Half term has done us the world of good, we’ve had a short break away with friends and then just been us. We’ve not necessarily done or gone anywhere special. We’ve just been us. We’ve swung on the swings, baked flapjacks, played play dough and danced in the kitchen. We’ve gone to our infamous Tiddly Tots Dance class taken trips to the park and walks in the woods. Some bad weather combined snotty noses, coughs and colds prevented some of my best laid plans of days out here, there and everywhere. But they weren’t needed.

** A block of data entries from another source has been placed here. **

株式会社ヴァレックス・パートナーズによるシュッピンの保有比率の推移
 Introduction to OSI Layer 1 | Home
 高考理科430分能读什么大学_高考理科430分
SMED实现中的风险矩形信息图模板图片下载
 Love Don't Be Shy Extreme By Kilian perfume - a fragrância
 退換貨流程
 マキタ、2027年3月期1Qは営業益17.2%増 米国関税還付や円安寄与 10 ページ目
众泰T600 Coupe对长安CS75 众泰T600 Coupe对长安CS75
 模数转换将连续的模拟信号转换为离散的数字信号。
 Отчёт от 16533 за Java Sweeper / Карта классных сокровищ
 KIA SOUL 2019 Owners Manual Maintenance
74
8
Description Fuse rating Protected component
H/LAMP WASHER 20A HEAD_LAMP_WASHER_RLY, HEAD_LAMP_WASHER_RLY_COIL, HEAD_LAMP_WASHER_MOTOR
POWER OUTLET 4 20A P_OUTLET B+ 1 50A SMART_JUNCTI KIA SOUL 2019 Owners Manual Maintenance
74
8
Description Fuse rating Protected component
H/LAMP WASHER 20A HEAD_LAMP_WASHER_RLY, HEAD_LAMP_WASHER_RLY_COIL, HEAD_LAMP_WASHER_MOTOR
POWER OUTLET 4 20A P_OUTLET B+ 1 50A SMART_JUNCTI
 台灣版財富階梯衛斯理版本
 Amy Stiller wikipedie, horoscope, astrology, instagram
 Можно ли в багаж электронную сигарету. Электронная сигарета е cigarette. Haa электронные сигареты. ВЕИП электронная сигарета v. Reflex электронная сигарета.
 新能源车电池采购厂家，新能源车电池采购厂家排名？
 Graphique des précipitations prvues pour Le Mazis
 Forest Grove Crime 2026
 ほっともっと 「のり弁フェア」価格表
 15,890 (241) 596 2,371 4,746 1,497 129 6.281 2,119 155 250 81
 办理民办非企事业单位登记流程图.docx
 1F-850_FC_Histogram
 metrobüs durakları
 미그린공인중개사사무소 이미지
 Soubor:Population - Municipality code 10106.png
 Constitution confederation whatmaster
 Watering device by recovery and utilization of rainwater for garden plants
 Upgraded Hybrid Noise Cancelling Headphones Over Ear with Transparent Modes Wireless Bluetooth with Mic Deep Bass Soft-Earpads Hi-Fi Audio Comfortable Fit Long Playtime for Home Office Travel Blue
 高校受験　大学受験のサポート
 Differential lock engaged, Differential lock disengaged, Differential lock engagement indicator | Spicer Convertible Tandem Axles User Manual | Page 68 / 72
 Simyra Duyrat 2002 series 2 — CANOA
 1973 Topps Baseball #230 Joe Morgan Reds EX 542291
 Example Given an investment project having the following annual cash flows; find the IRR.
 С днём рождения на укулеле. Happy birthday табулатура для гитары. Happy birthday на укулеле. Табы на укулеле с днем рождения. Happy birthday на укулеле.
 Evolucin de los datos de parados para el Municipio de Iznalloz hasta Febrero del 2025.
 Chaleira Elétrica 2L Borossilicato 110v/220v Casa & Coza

We’ve not had an accident this week, 100% successful toilet trips since returning from our break away. We’ve not been quite as clingy and we’ve had fun. What really comes to mind is that, it’s really not about where we go or what we do, it’s about me investing quality time with toddler P. It doesn’t have to be all day everyday, it was about giving her some decent, being in the room with her time. Sometimes her attention span has meant we’ve only done an activity for 10-20minutes before she’s ran off telling me she doesn’t want to draw or make dinosaur out of play dough anymore, but because I’ve been fully immersed in her for those 20mins she’s felt better. It didn’t need to be a full day out to a play farm or zoo, she just needs to know she has me there when she needs me. She just needs me to take the time to sit on the floor with her, making a jigsaw and singing “bump the elephant” with her for awhile, without my phone in hand, without a tv programme on for me to watch, just me with her for a bit.
That’s quality time, it’s time together, invested in each other.